• TASK BRIEF:
Exclude the pictures, then copy all remaining records exactly.

....................

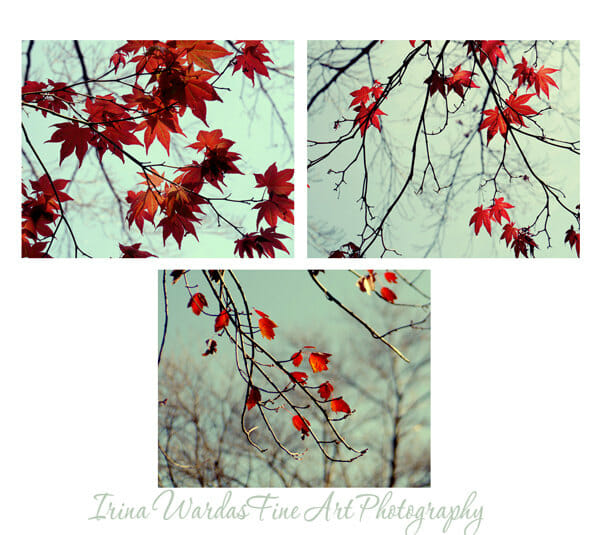 Autumn Maple Tree Leaves Wall Art | 3 Piece Set | Red Nature Wall Decor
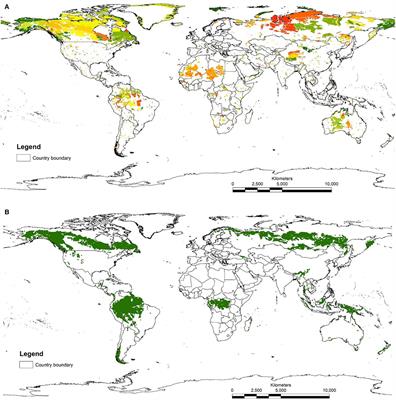 Are We Capturing Faunal Intactness? A Comparison of Intact Forest Landscapes and the “Last of the Wild in Each Ecoregion”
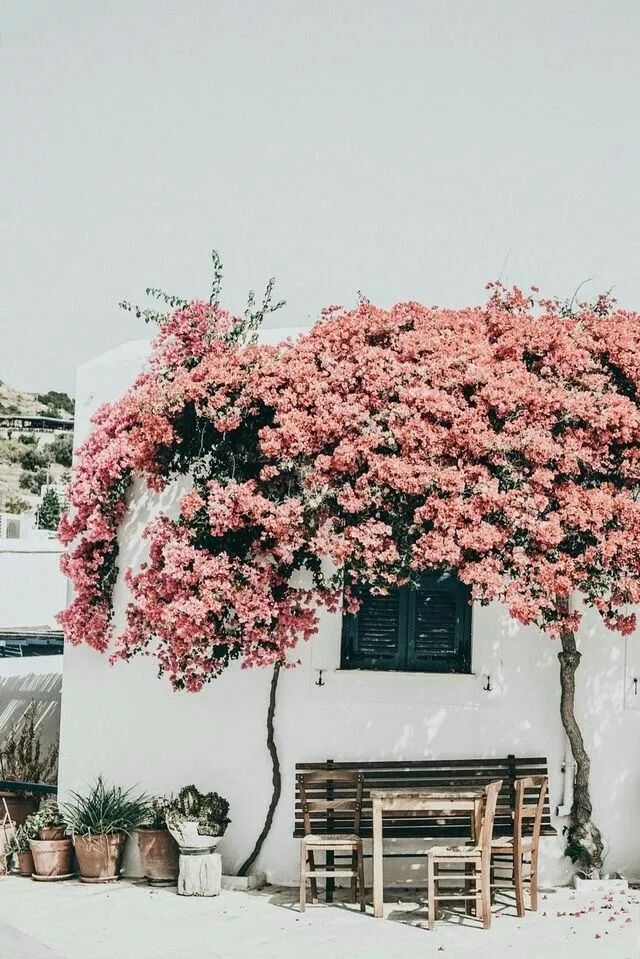 让情绪流动起来，才是“减龄”的密钥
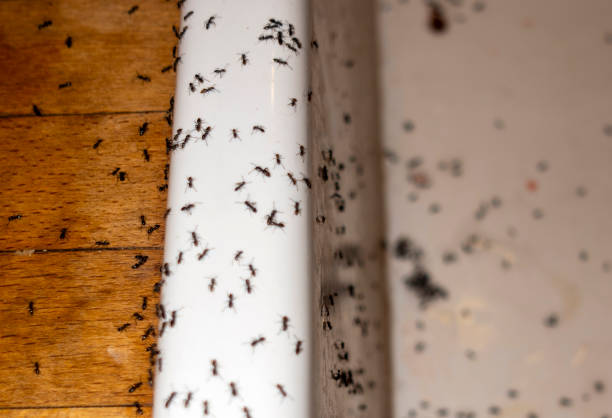 Professional Pest Control in Georgetown, KY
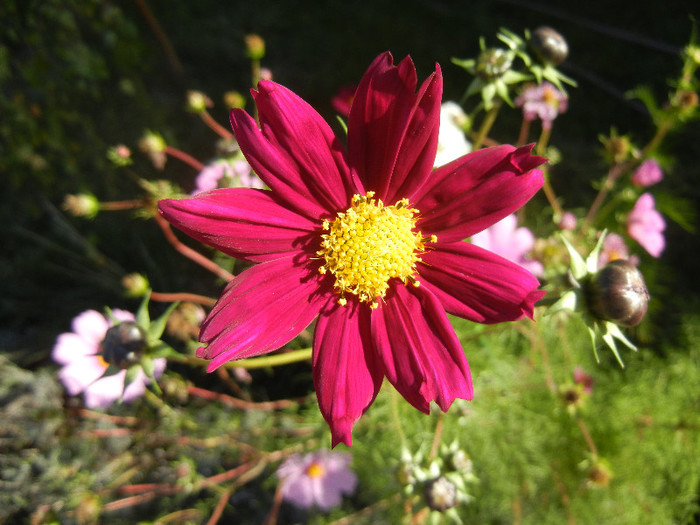 Burgundy Mexican Aster (2012, Oct.18) - Garden Cosmos Burgundy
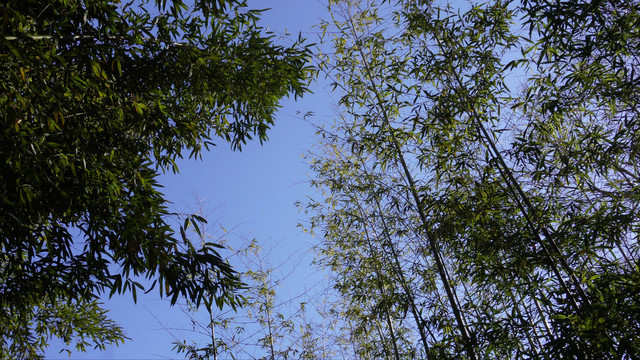 北京紫竹院公园竹林小径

....................

• RESPONSE:
 Autumn Maple Tree Leaves Wall Art | 3 Piece Set | Red Nature Wall Decor
 Are We Capturing Faunal Intactness? A Comparison of Intact Forest Landscapes and the “Last of the Wild in Each Ecoregion”
 让情绪流动起来，才是“减龄”的密钥
 Professional Pest Control in Georgetown, KY
 Burgundy Mexican Aster (2012, Oct.18) - Garden Cosmos Burgundy
 北京紫竹院公园竹林小径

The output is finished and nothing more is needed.